The Dow Jones Industrial Average (DJIA) was down approximately 2% around 2:30 p.m. EST as the Greek economy continued to struggle. By 2:45 p.m. EST, the DJIA was down 998.5 points, which was a decline of around 9%. Trading that day would also record the second-largest intraday point swing of 1,010.14 points. On May 6, 2010, the DJIA would open at 10,868.12, hit a high of 10,879.76, hit a low of 9,869.62, and close at 10,520.32.
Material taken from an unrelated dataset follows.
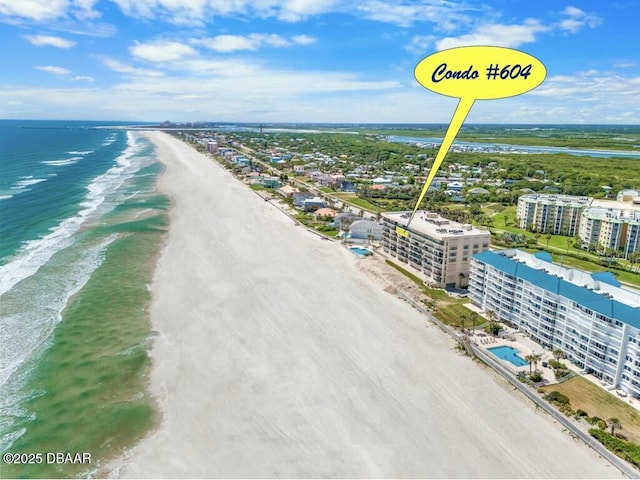 birds eye view of property with a water view and a beach view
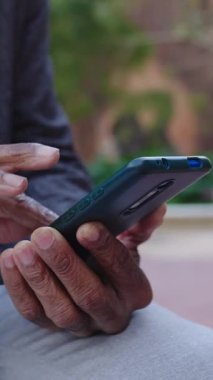 Dikey video. Yaşlı bir zenci, şehir caddesinde otururken cep telefonu kullanıyor. Tanımlanamayan yetişkin erkek çevrimiçi mesaj gönderiyor ya da sosyal medya içeriği içerikli cep telefonu uygulaması arıyor.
The cause of the crash would eventually be traced to a single trader named Navinder Singh Sarao, who used a Layering Algorithm to place orders for around 3,600 lots of the E-mini S&P contract. These orders were modified around 19,000 times on the morning of May 6, 2010. This represented nearly $200 million worth of downward pressure on the E-mini price, which was around 25% of the entire sell side book. During a two-hour window, Sarao traded over 62,000 E-mini S&P contracts with a notional value of $3.5 billion. In total, Sarao would make nearly $880,000 in net profits that day.